__What this task involves__:
In the entries below, begin at the line that has "Vista 5 de Kawaii" and stop after the line that has "Narrative in the"; output those lines exactly, leaving out pictures.

__Available records__:
↓

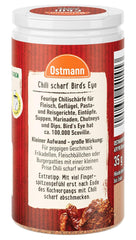 Ostmann Gewürze - Chili scharf Bird's Eye | Féurige Scharfe für Fleischgerichte und Eintöpfe | 35 g Der Streudose-ban
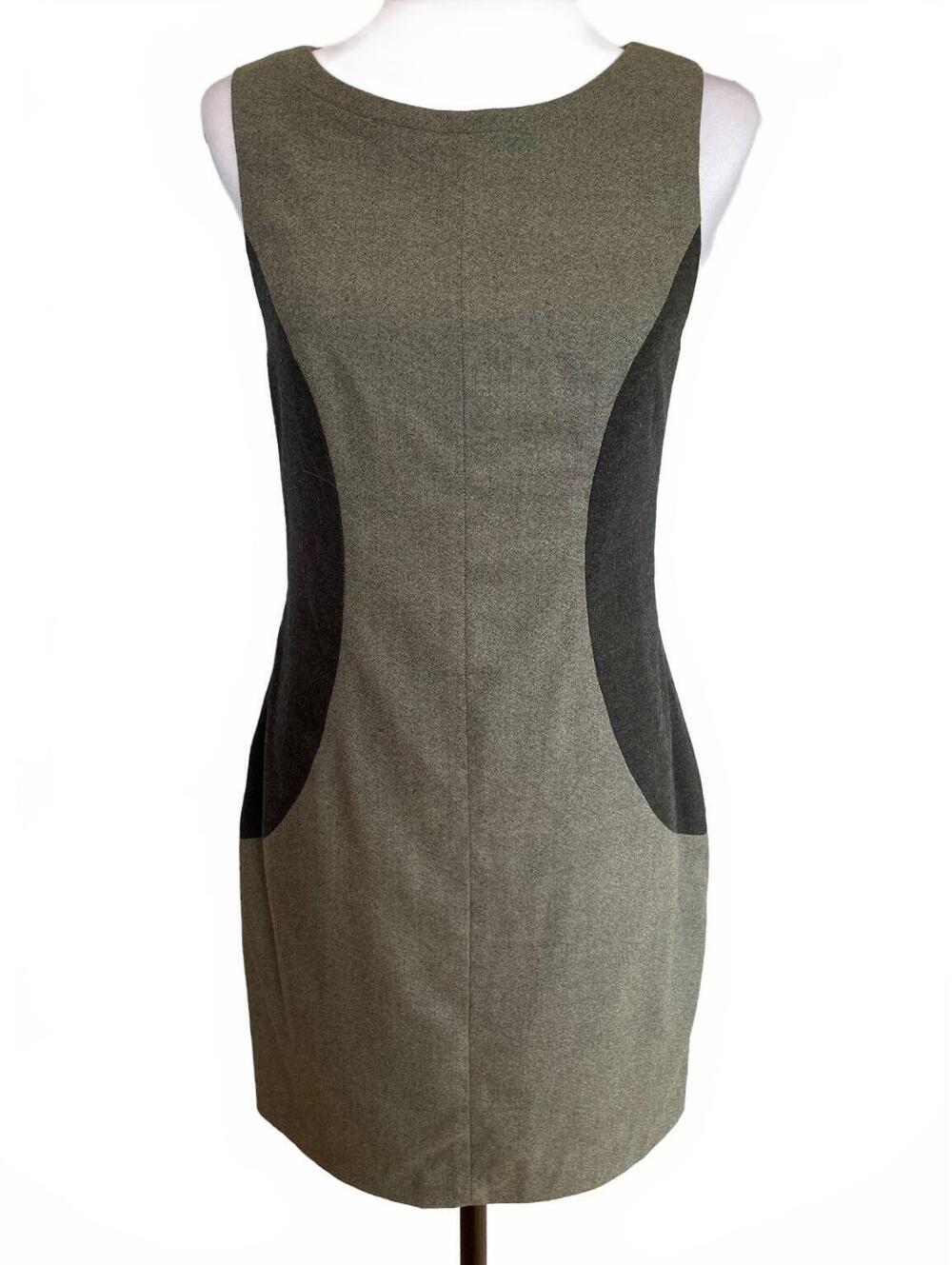 Rag & Bone for Scoop Wool Colorblock Sheath Dress Charcoal Black Size 4 Mod Chic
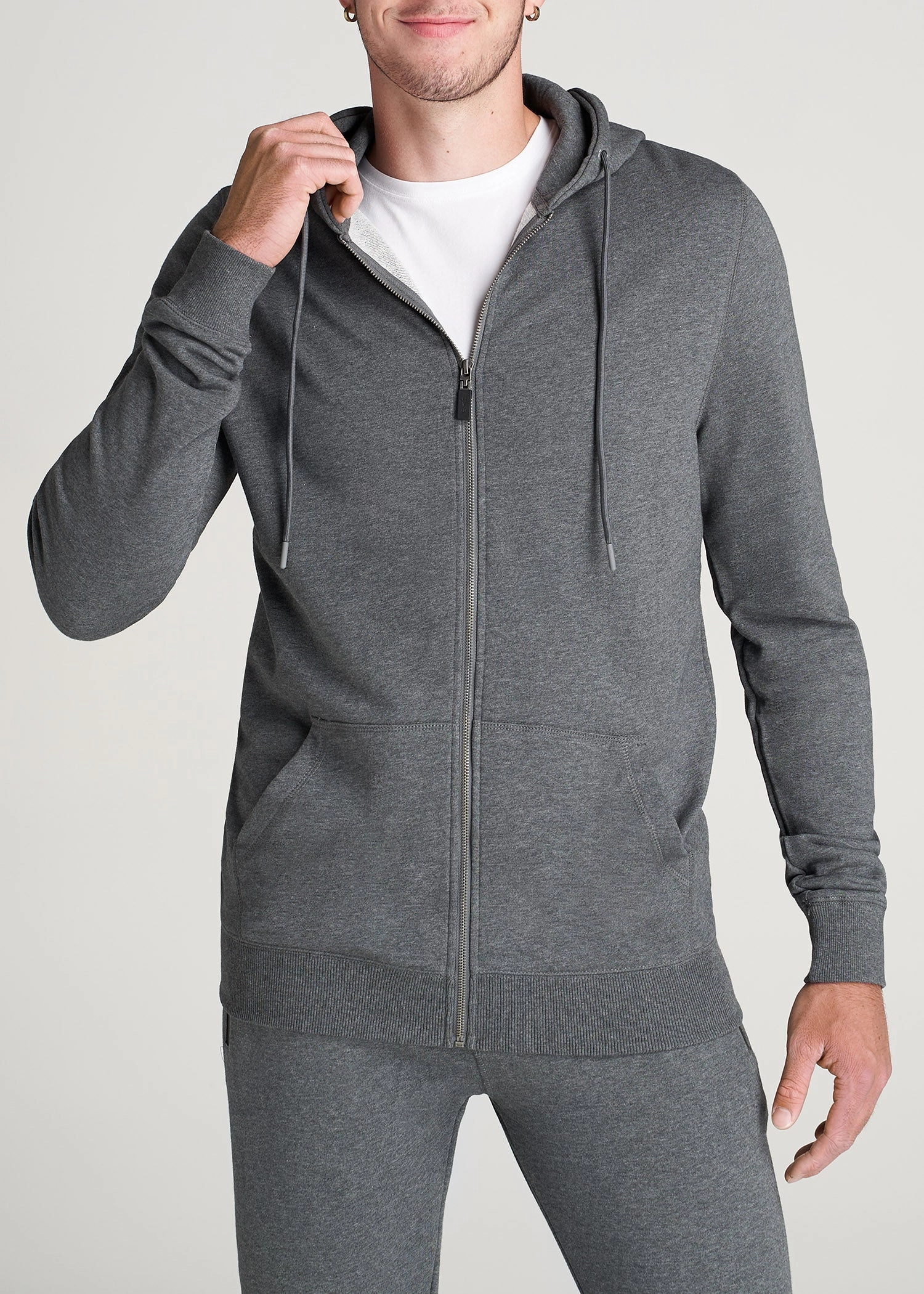 Wearever French Terry Full-Zip Men's Tall Hoodie in Charcoal Mix Work Wear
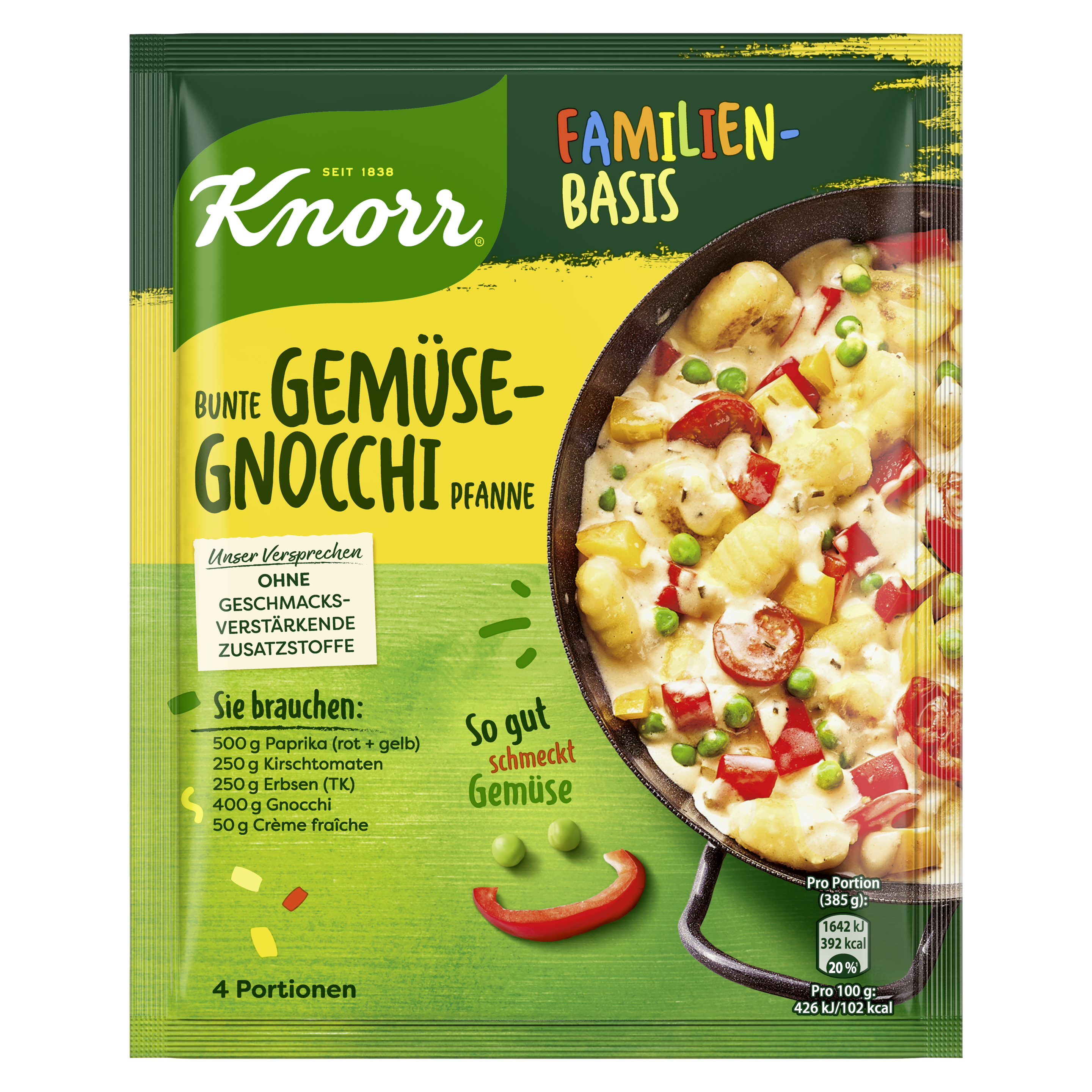 Knorr Familienbasis Bunte Gemüse-Gnocchi-Pfanne 4 Portionen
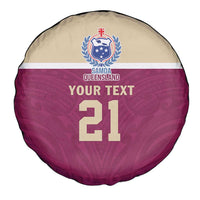 Queensland Samoa Custom Spare Tire Cover Maroon Pacific Polynesian Tribal Pattern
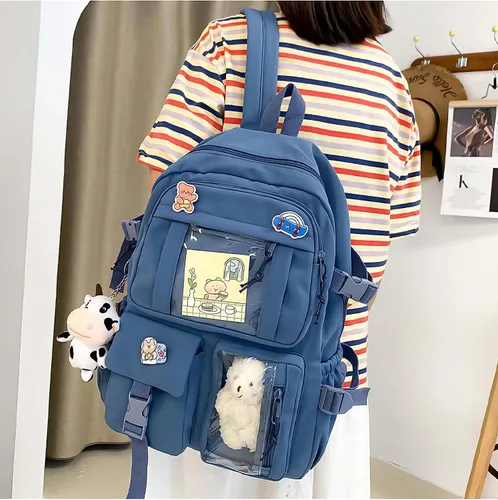 Vista 5 de Kawaii Backpack With cute plush pendant and Kawaii pins,Aesthetic Backpack Cute Kawaii Backpack for School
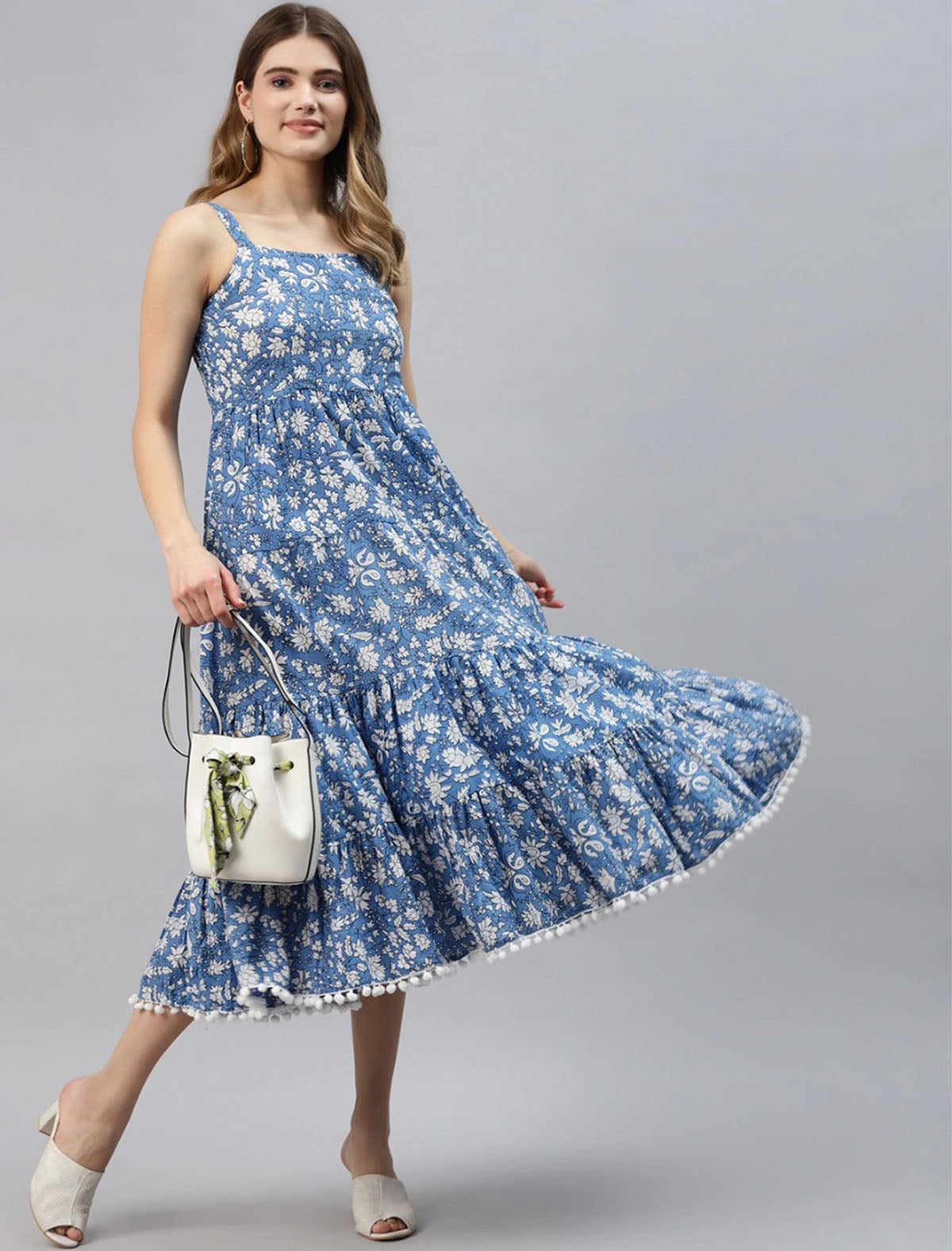 Blue and White Ethnic Motifs Print A-Line Divena Dress For Women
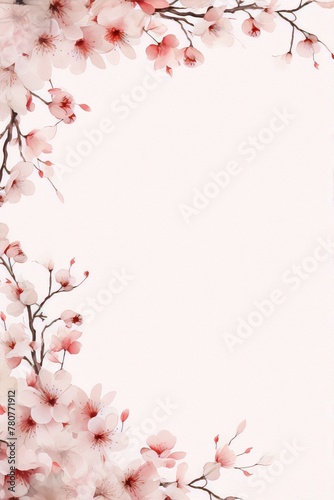 Delicate watercolor painting of cherry blossoms in full bloom on a beige background in an Asian style.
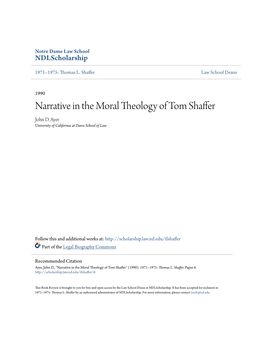 Narrative in the Moral Theology of Tom Shaffer John D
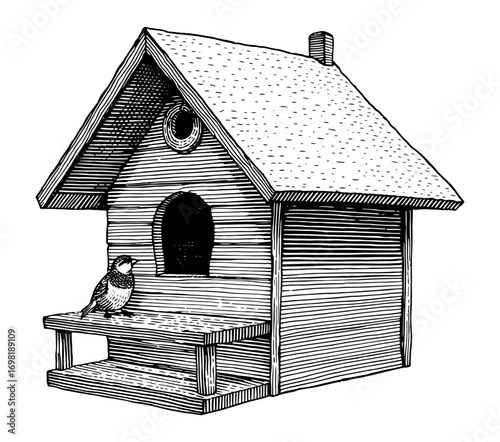 Detailed line drawing of a small songbird on a classic wooden birdhouse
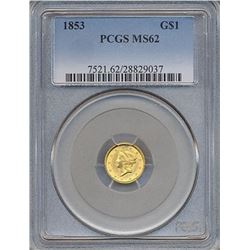 1853 $1 Gold Coin PCGS MS62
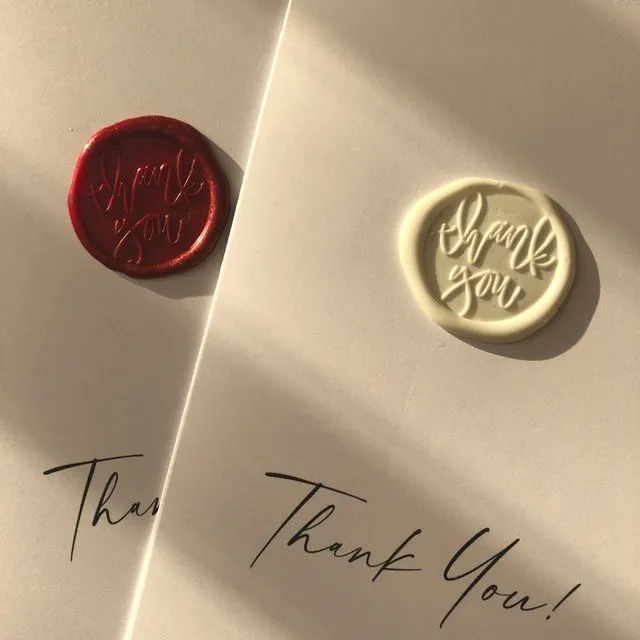 Thank you - minimal modern gratitude card with red wax seal - A6 sized unique personalizable card, retirement, wedding, party, hostess gift White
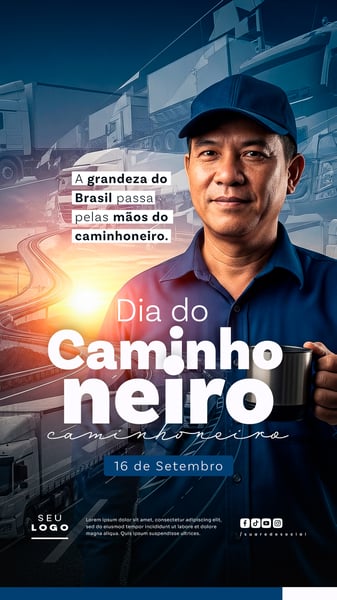 DIA DO CAMINHONEIRO 16 DE SETEMBRO SOCIAL MEDIA PSD EDITÁVEL STORY 16
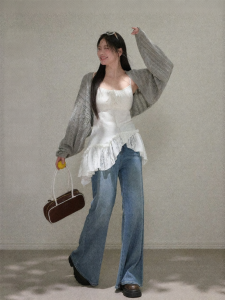 JULULOOK | Áo Dài Tùng Xòe Dây Đai Trắng Không Đều cho Size Lớn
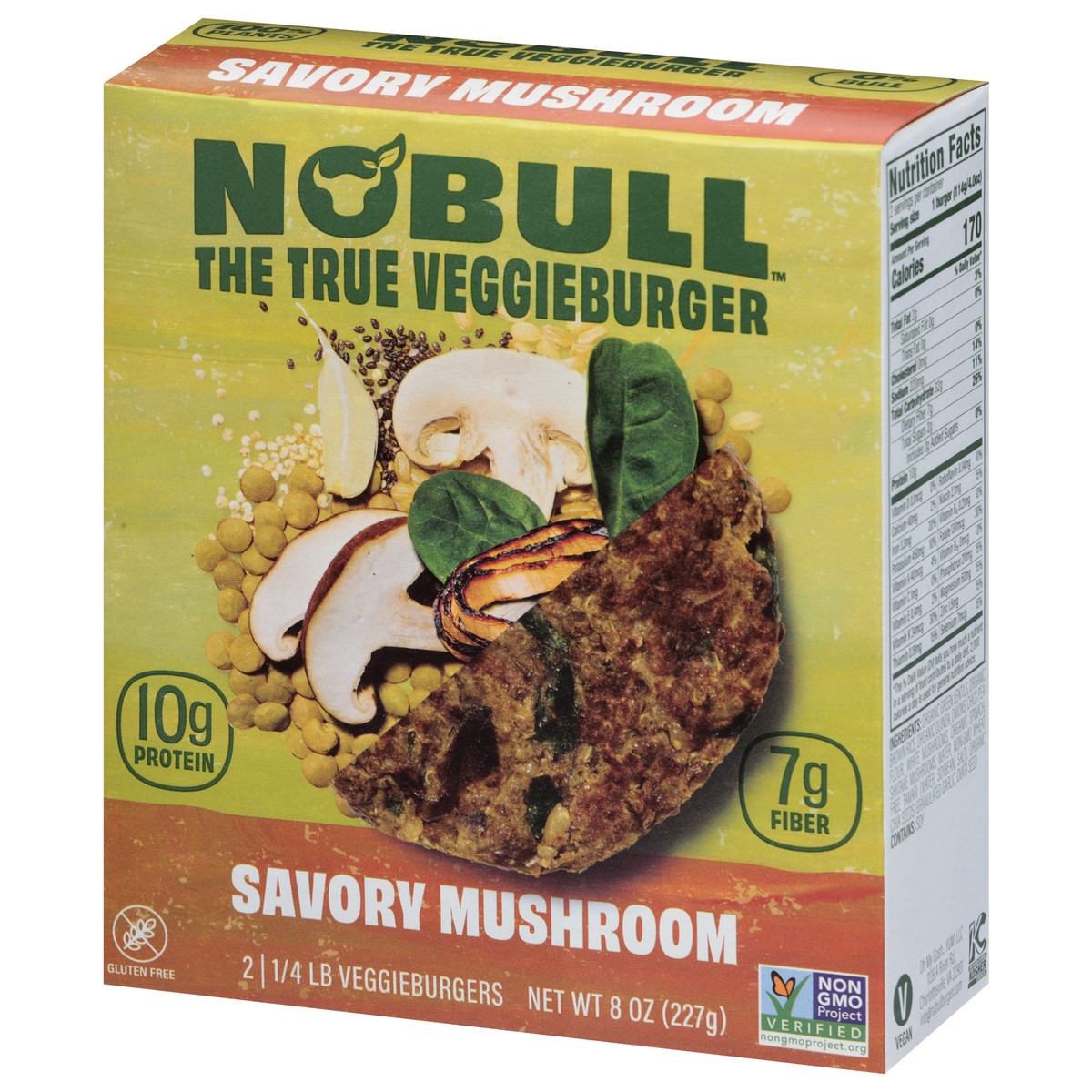 slide 4 of 14, NoBull Savory Mushroom Veggieburgers 2 - 0.25 lb Each, 2 ct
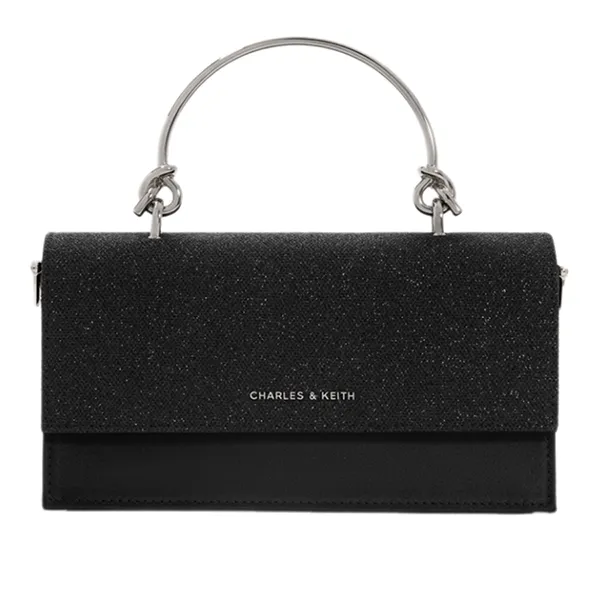 Ví Nữ Charles & Keith CNK Kristine Glittered Noir CK6-10840559-B_NOIR Màu Đen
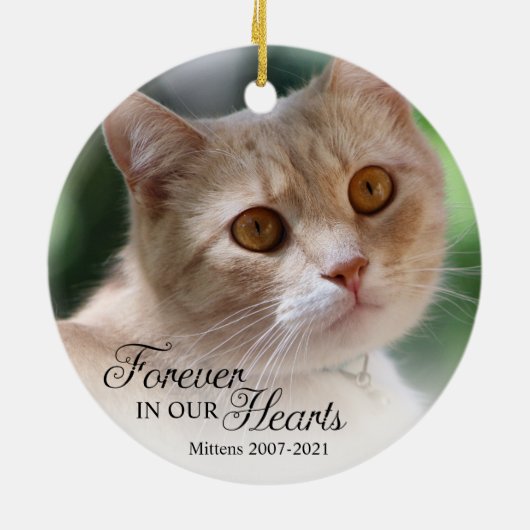 猫の記念写真が永遠にハートクリスマス セラミックオーナメント (裏面)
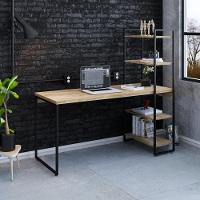 Mesa C-estante Alta 150x64x147cm C-04 Prateleiras Carvalho - Est.preta Carvalho - Est.preta - 7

↑

__Response__:
 Vista 5 de Kawaii Backpack With cute plush pendant and Kawaii pins,Aesthetic Backpack Cute Kawaii Backpack for School
 Blue and White Ethnic Motifs Print A-Line Divena Dress For Women
 Delicate watercolor painting of cherry blossoms in full bloom on a beige background in an Asian style.
 Narrative in the Moral Theology of Tom Shaffer John D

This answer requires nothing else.